» Assigned task: Where the line containing "Манты со свининой и тыквой" appears in the records below, begin there and repeat each line exactly through the final one, dropping all pictures.

» Information shown:
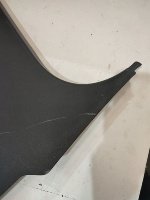 BMW / X1 / Центральная стойка кузова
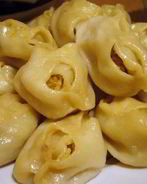 Манты со свининой и тыквой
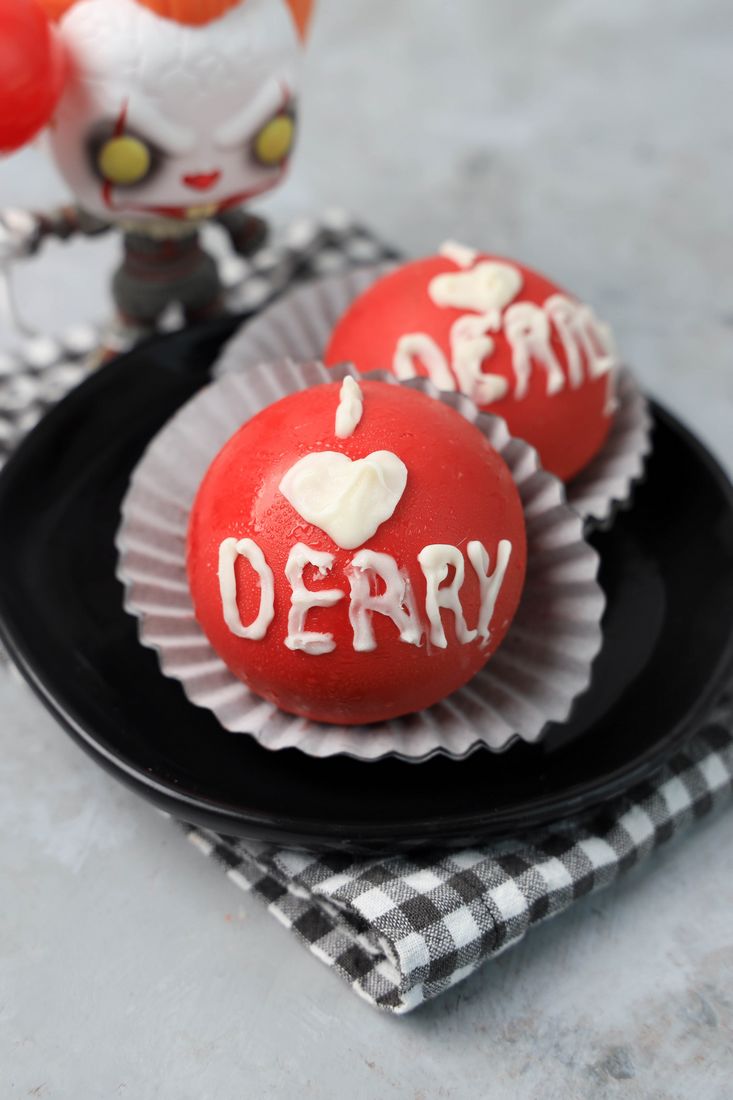 IT Derry Hot Chocolate Bombs
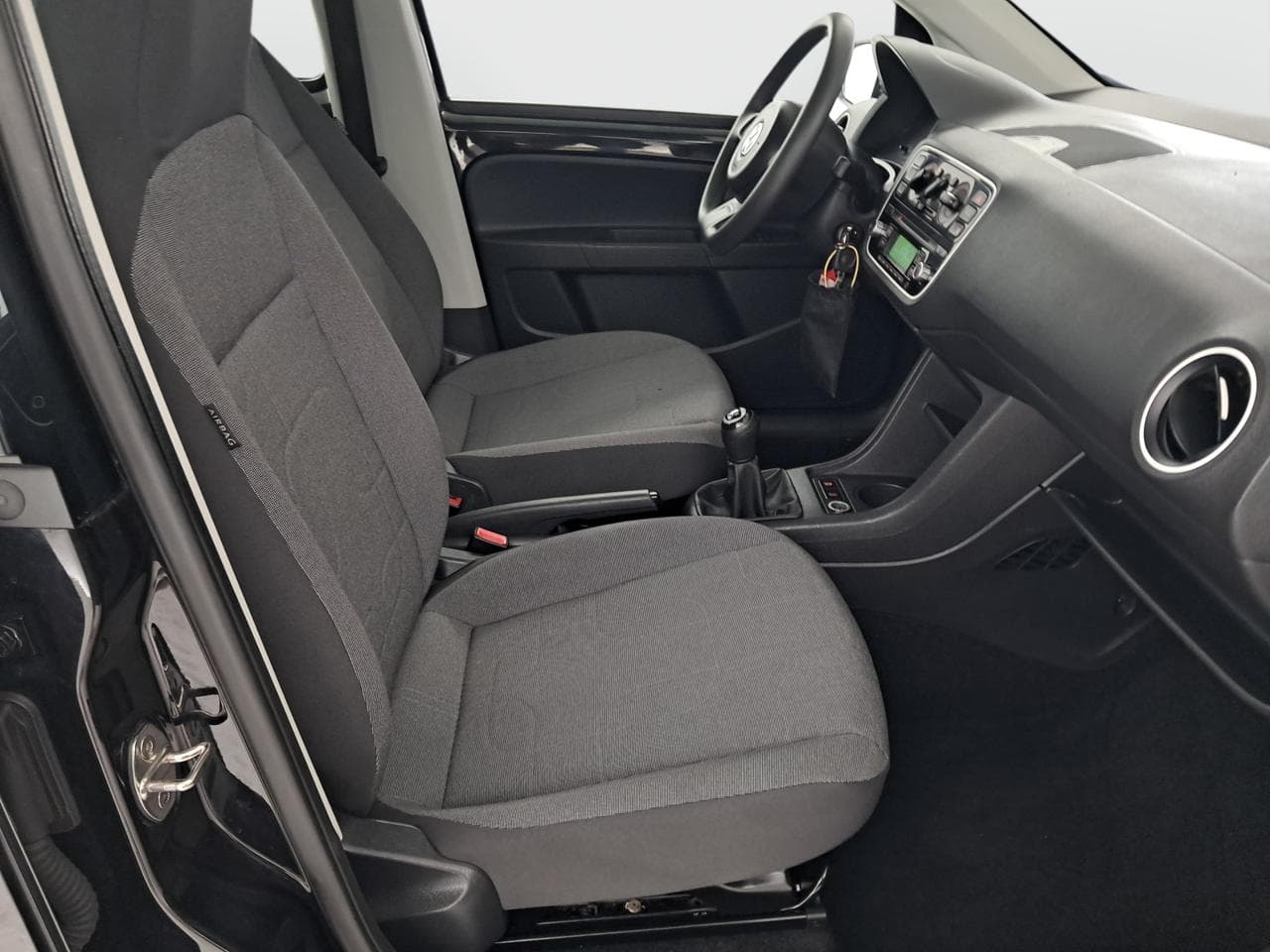 2014 Volkswagen UP! - 12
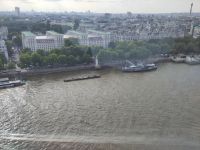 Blick auf die Themse, das Verteidigungsministerium und das Royal Air Force Memorial. Dahinter steht unser Bus. 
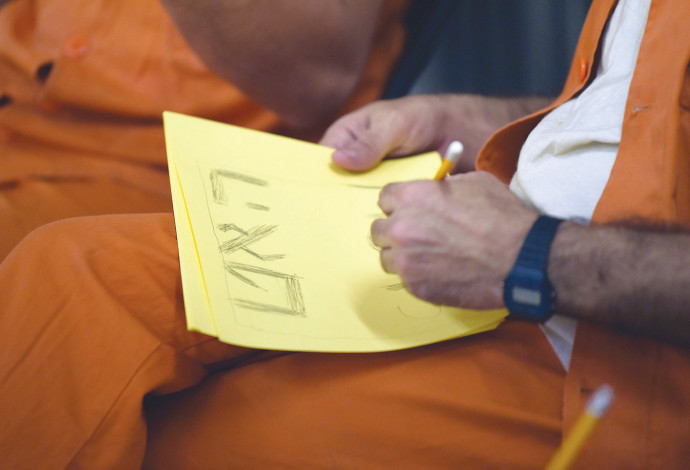המחלקה לטיפול באסירי תנועה בכלא צלמון (צילום:  מאיר וקנין)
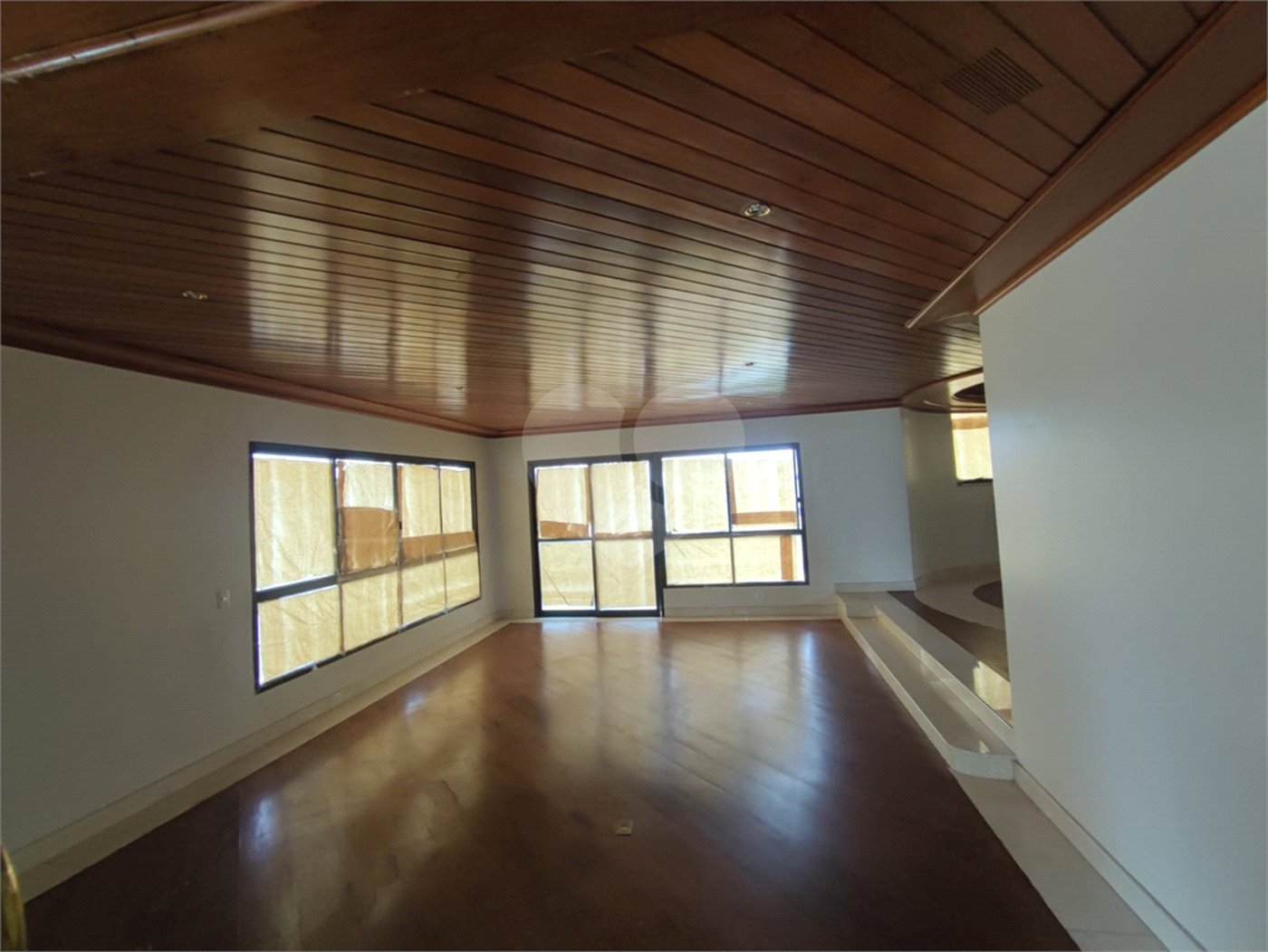 Apartamento à venda com 4 suítes em Moema, São Paulo, SP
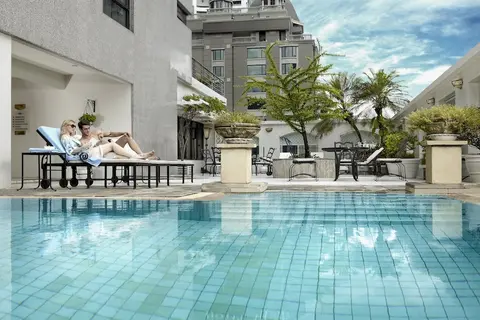 Cape House Langsuan Hotel, Pool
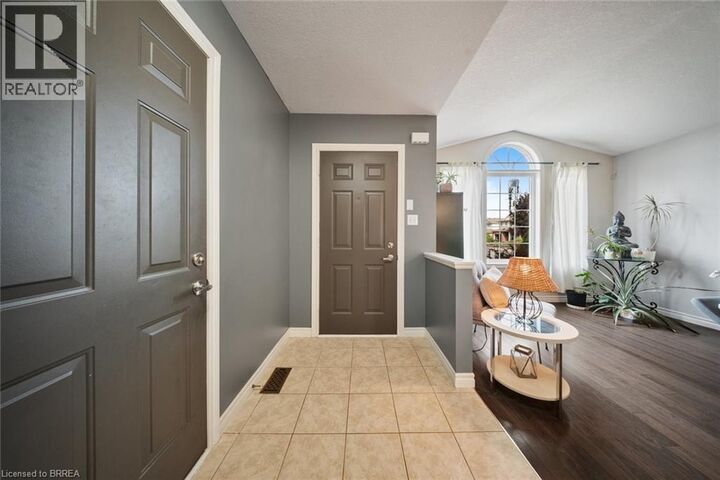 Property Photo:  43 Idlewilde Lane  ON L0R 1W0 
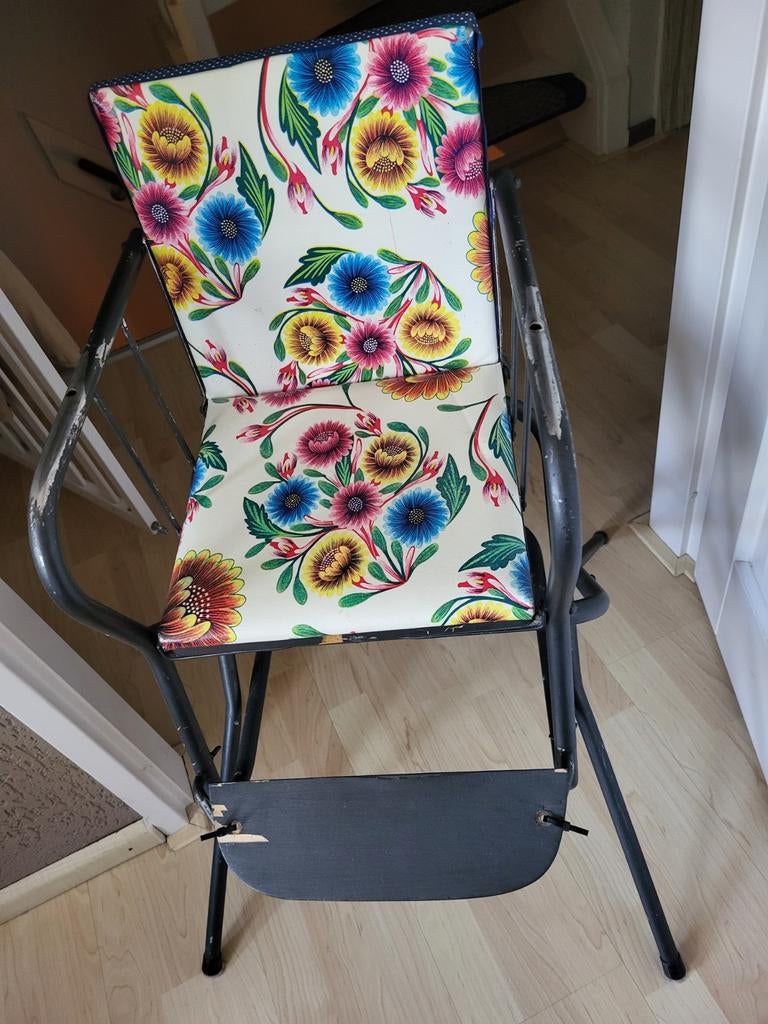 Vintage kinderstoel, Kinderen en Baby's, Kinderstoelen, Ophalen, Gebruikt, Overige typen, Aanschuifbaar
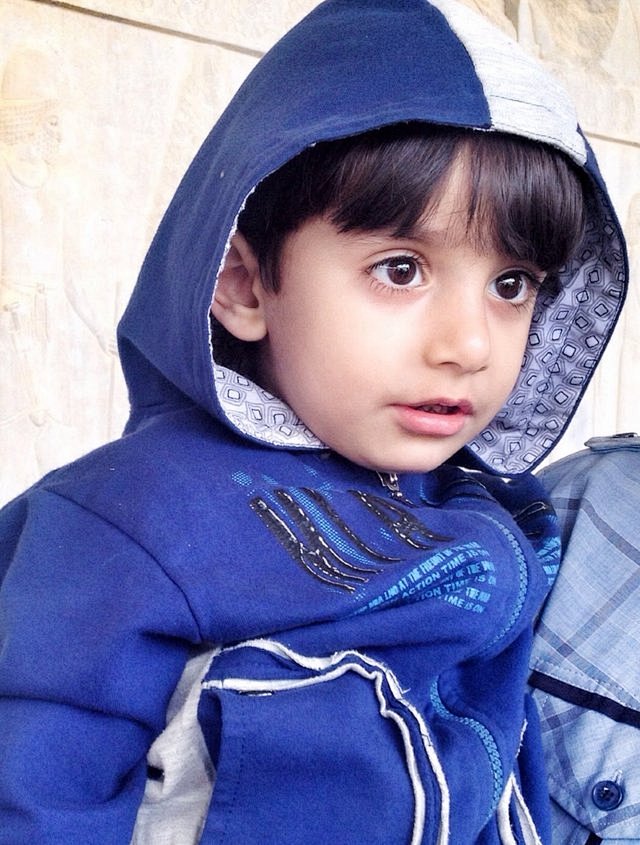 有趣的波斯小王子看见我手机里他自己的照片后居然亲照片cd秋波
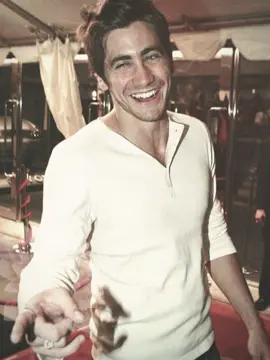 they say i’m too young to love you #jakegyllenhaal #fyp #fypシ #moots? 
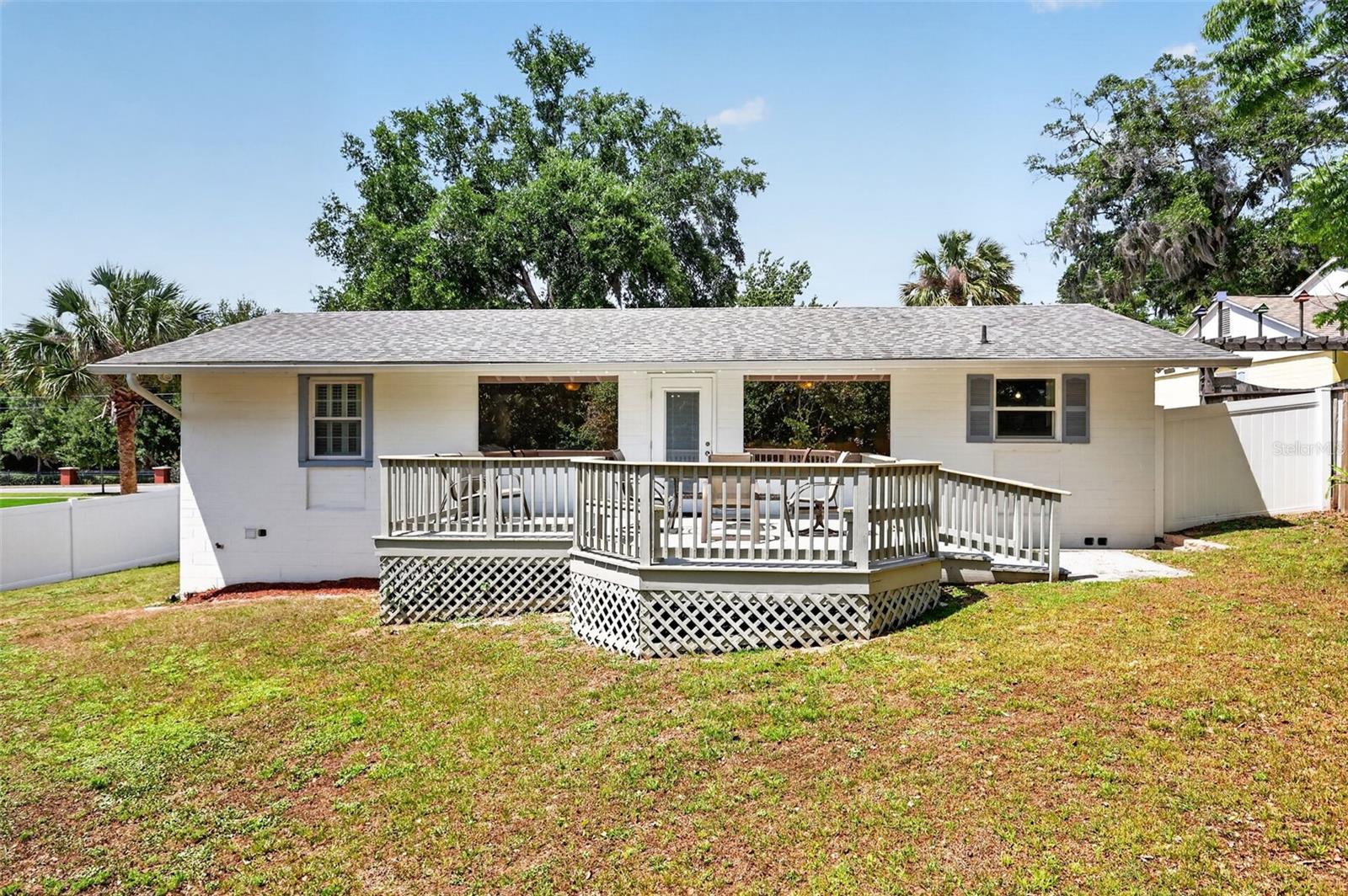 MOUNT DORA - Residential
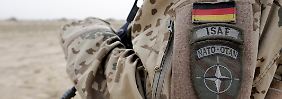 Mit Waffe im Ausland, mit Orden in der Heimat? Deutscher ISAF-Soldat in Afghanistan.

» Response below:
 Манты со свининой и тыквой
 IT Derry Hot Chocolate Bombs
 2014 Volkswagen UP! - 12
 Blick auf die Themse, das Verteidigungsministerium und das Royal Air Force Memorial. Dahinter steht unser Bus. 
המחלקה לטיפול באסירי תנועה בכלא צלמון (צילום:  מאיר וקנין)
 Apartamento à venda com 4 suítes em Moema, São Paulo, SP
 Cape House Langsuan Hotel, Pool
 Property Photo:  43 Idlewilde Lane  ON L0R 1W0 
 Vintage kinderstoel, Kinderen en Baby's, Kinderstoelen, Ophalen, Gebruikt, Overige typen, Aanschuifbaar
 有趣的波斯小王子看见我手机里他自己的照片后居然亲照片cd秋波
 they say i’m too young to love you #jakegyllenhaal #fyp #fypシ #moots? 
 MOUNT DORA - Residential
 Mit Waffe im Ausland, mit Orden in der Heimat? Deutscher ISAF-Soldat in Afghanistan.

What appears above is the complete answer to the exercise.